[Work to be completed]: What you return must be the lines from the first one below through the one containing "First-class panoramic coach", exactly and with pictures excluded.

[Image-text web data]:
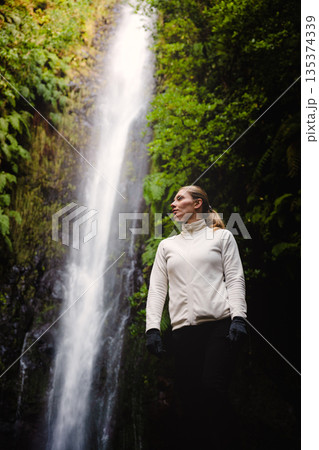 Solo trekker stands quietly beneath lush green canopy while contemplating Solo trekker stands quietly beneath lush green canopy while contemplating 135374339
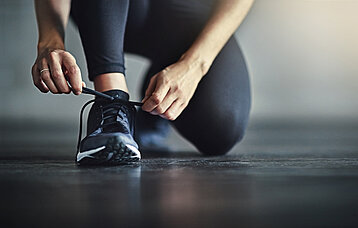 Frau bindet sich den Sportschuh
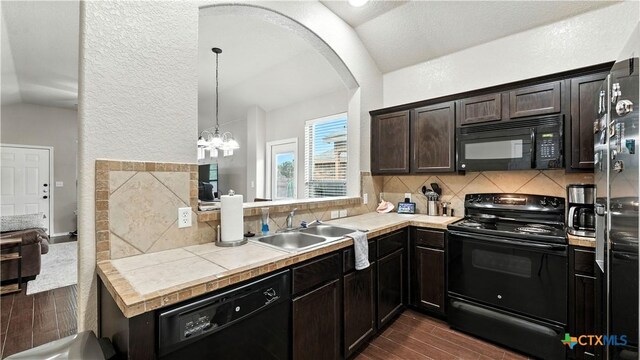 557/561 Creekside Cir, New Braunfels, TX 78130 - kitchen featuring black appliances, dark wood-style flooring, tasteful backsplash, lofted ceiling, and arched walkways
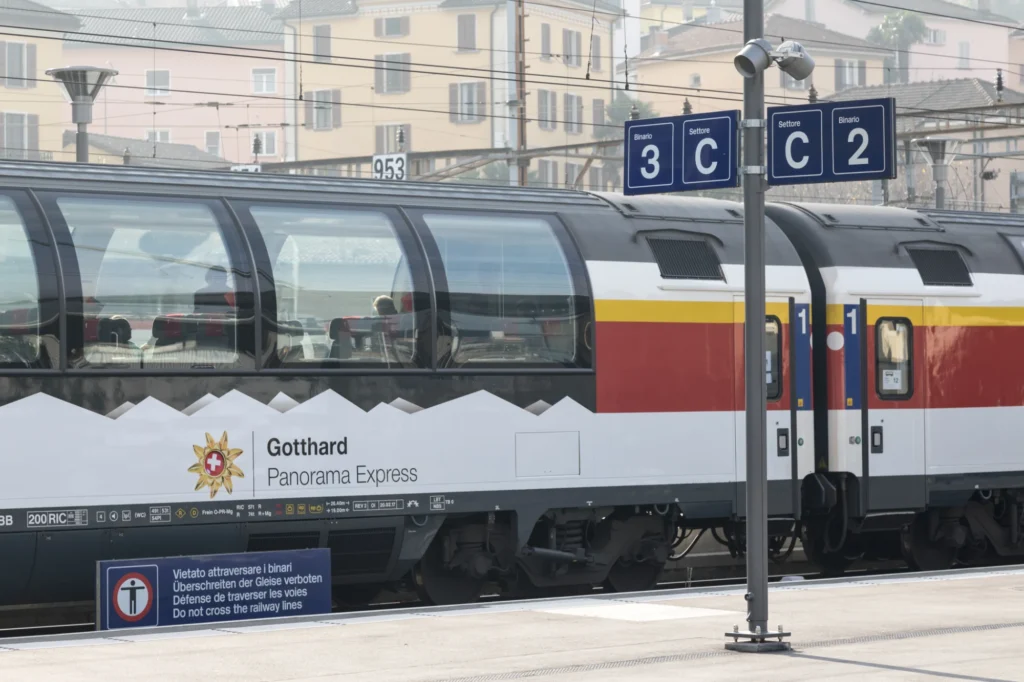First-class panoramic coach of the Gotthard Panorama Express with logo at Bellinzona station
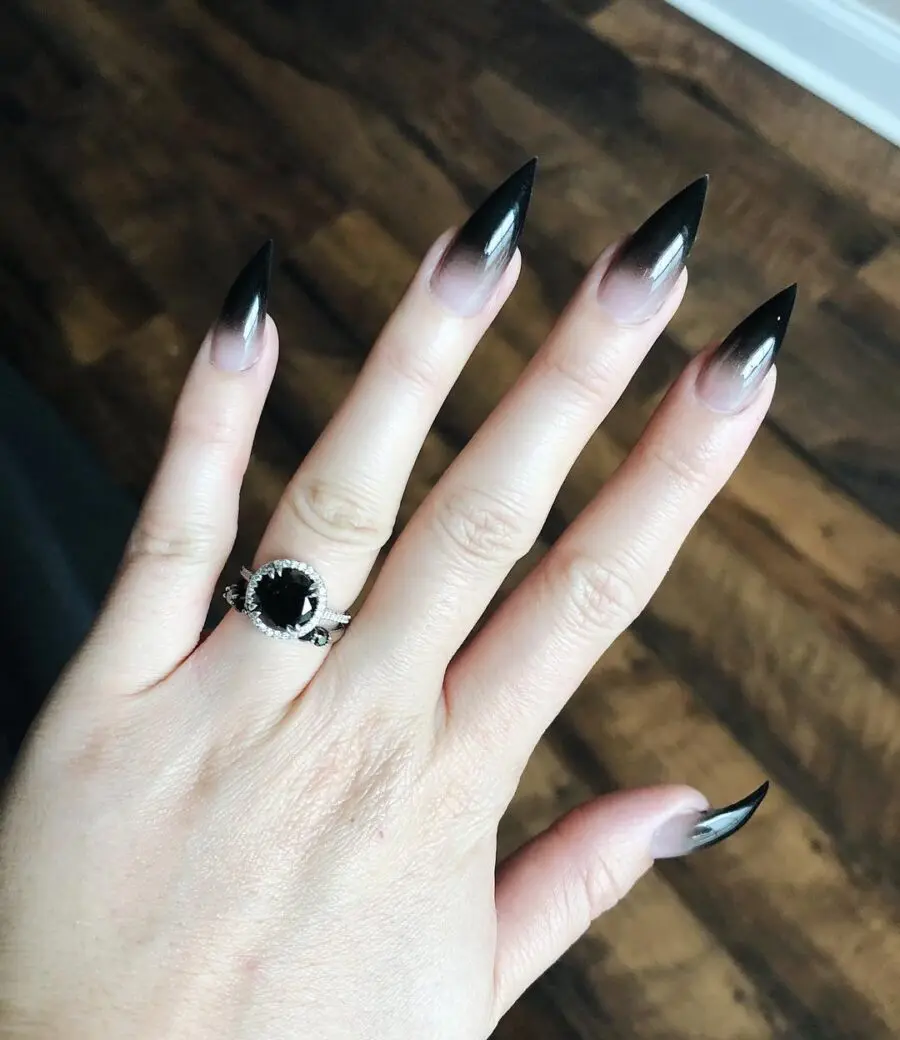 Elegant stiletto nails with dark gradient effect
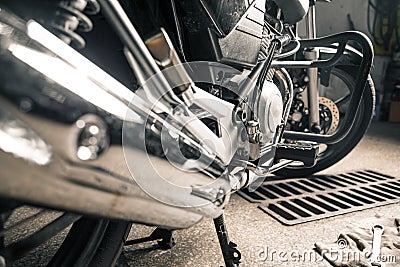 Shining motorcycle standing in garage Stock Photo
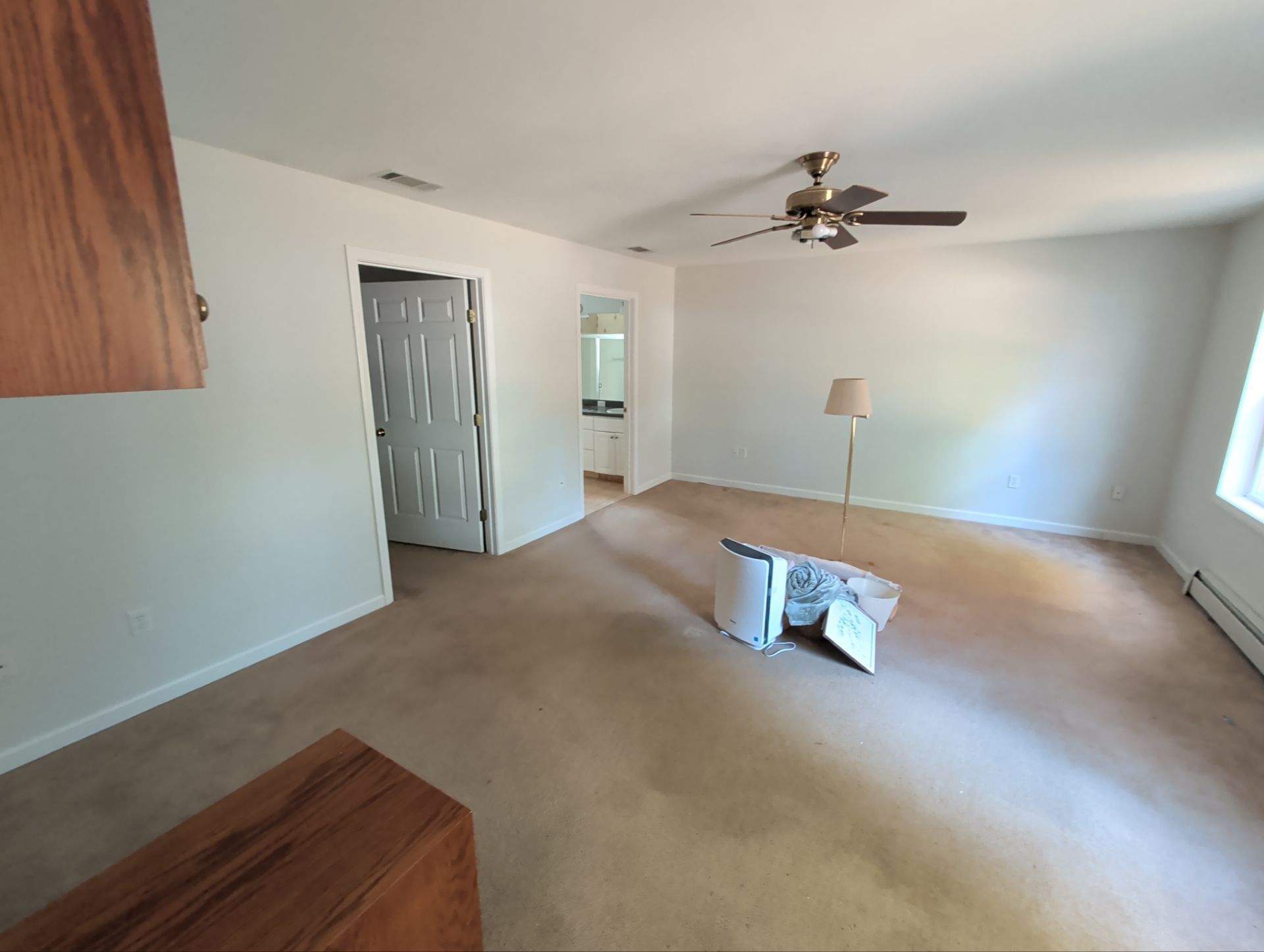 Empty living room with tan carpet, white walls, and a ceiling fan. A door leads to another room.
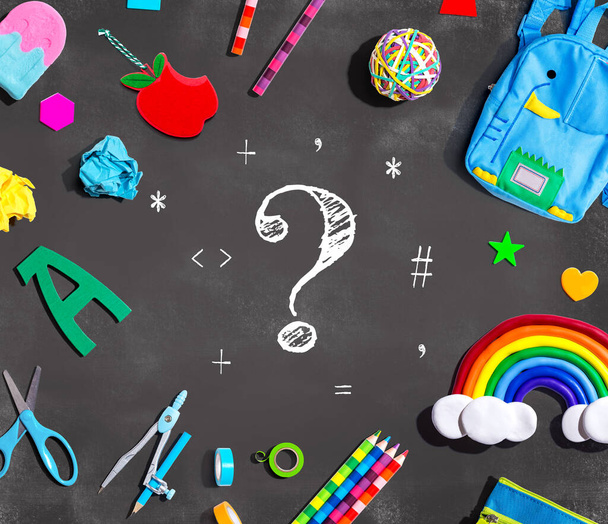 Question mark with school supplies on a chalkboard - flat lay - 写真・画像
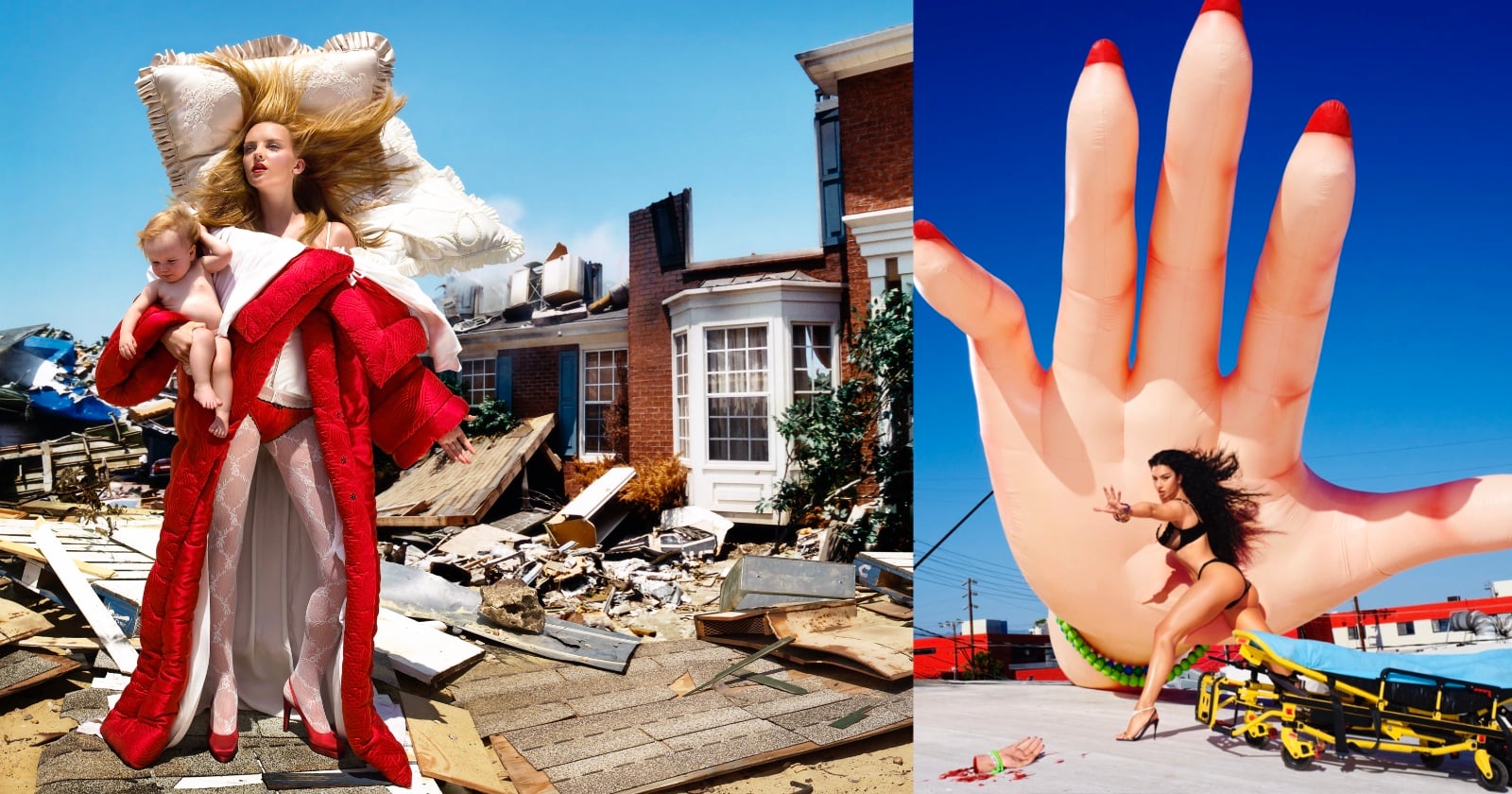 A woman in a red robe holds a baby while standing on debris in front of a damaged house. Nearby, another woman in a black swimsuit poses beside a giant inflatable hand outdoors under a bright blue sky.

[Response]:
 Solo trekker stands quietly beneath lush green canopy while contemplating Solo trekker stands quietly beneath lush green canopy while contemplating 135374339
 Frau bindet sich den Sportschuh
 557/561 Creekside Cir, New Braunfels, TX 78130 - kitchen featuring black appliances, dark wood-style flooring, tasteful backsplash, lofted ceiling, and arched walkways
First-class panoramic coach of the Gotthard Panorama Express with logo at Bellinzona station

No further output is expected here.